Exercise objective
Taking the entries below, transcribe only the lines starting with the one with "Новый наряд и" and going on through the one with "2021 FORD BRONCO", exactly as written, without the pictures.

Recorded information
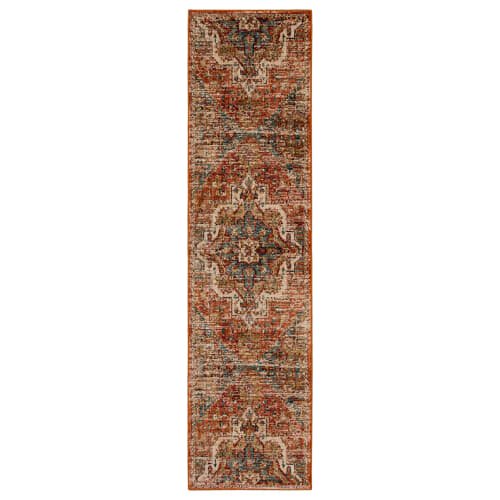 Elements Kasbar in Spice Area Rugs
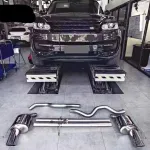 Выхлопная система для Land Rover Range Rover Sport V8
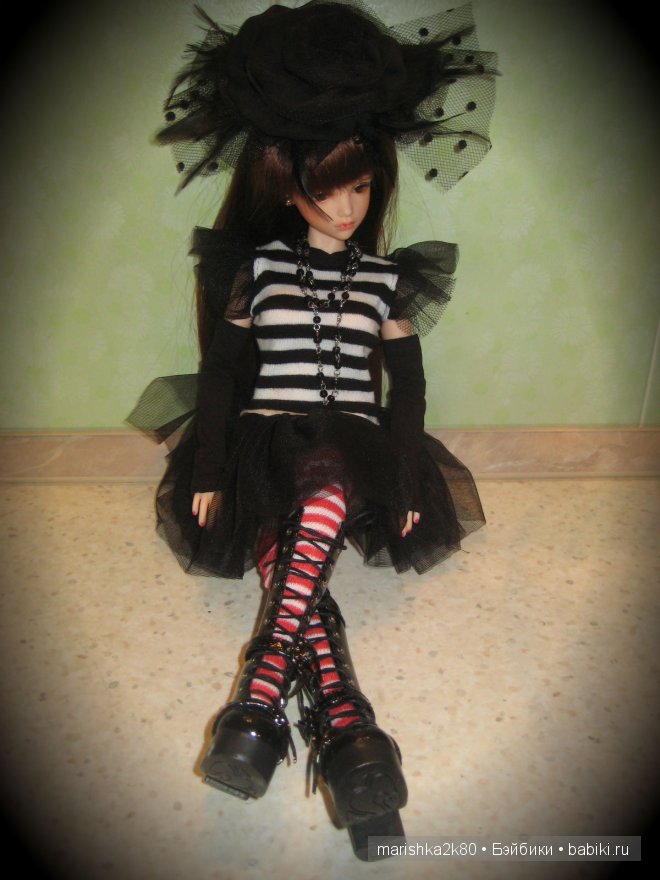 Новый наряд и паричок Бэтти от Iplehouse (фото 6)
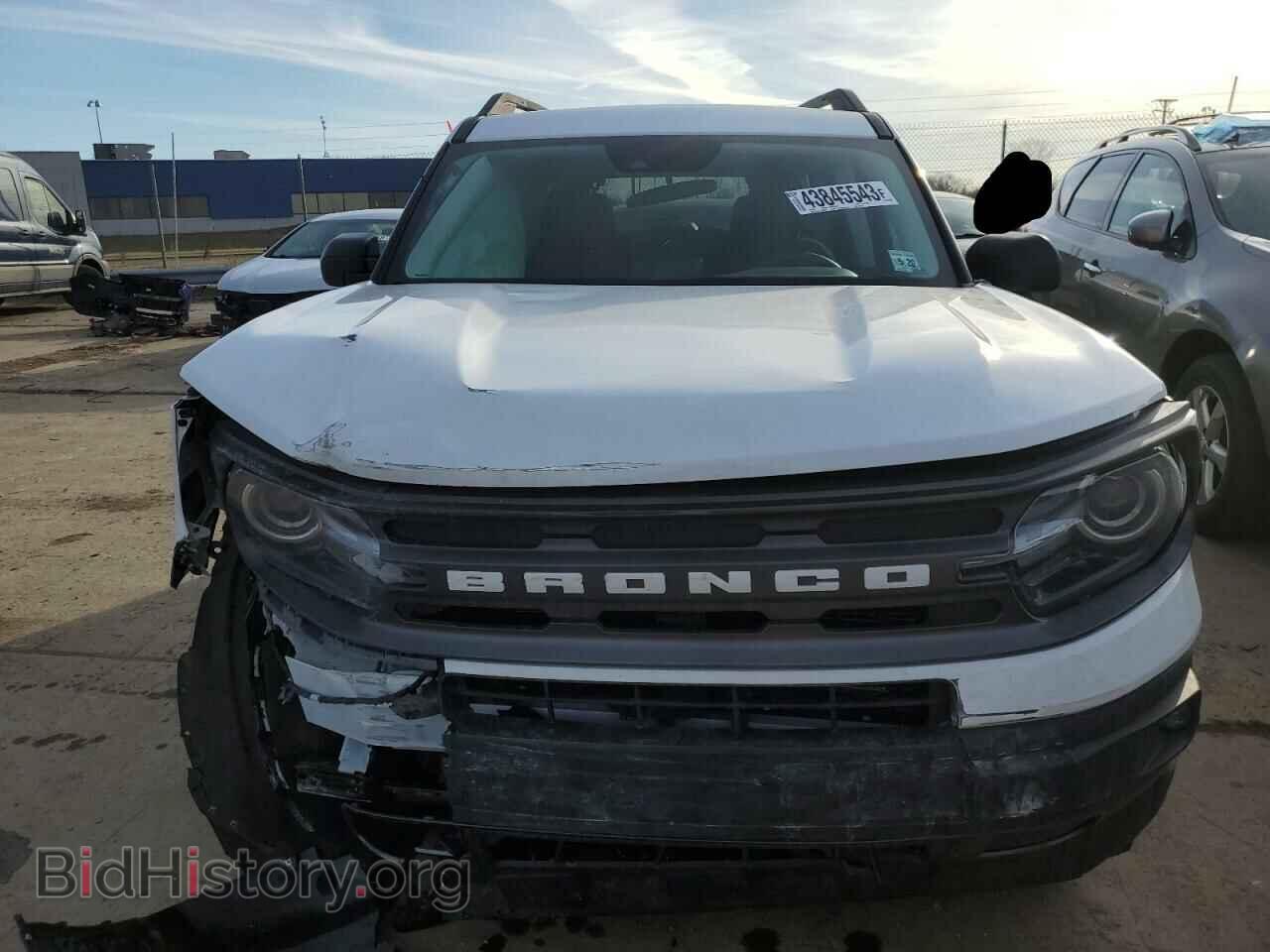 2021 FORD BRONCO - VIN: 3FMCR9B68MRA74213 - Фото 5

---

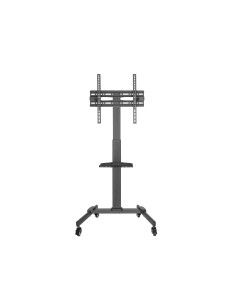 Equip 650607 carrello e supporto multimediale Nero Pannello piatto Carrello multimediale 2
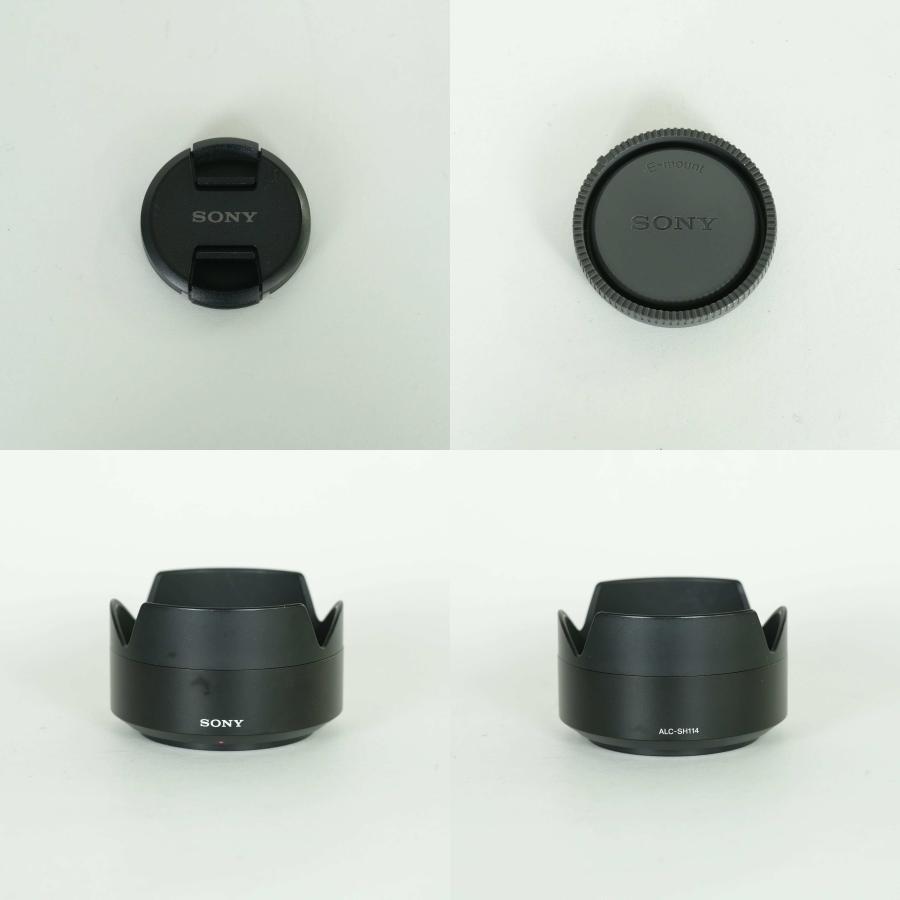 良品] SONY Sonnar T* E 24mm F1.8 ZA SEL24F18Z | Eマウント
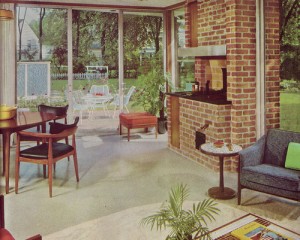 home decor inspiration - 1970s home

...

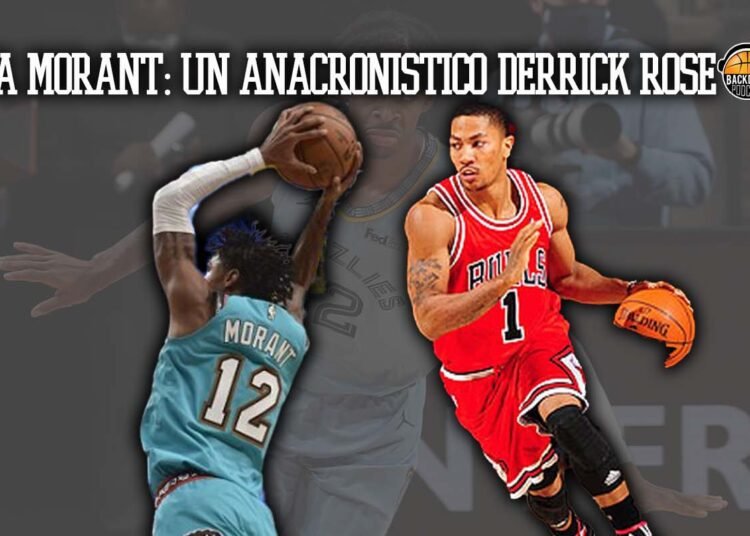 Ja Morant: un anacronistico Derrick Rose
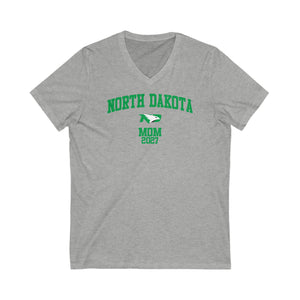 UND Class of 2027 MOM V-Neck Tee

Output of the exercise
 Новый наряд и паричок Бэтти от Iplehouse (фото 6)
 2021 FORD BRONCO - VIN: 3FMCR9B68MRA74213 - Фото 5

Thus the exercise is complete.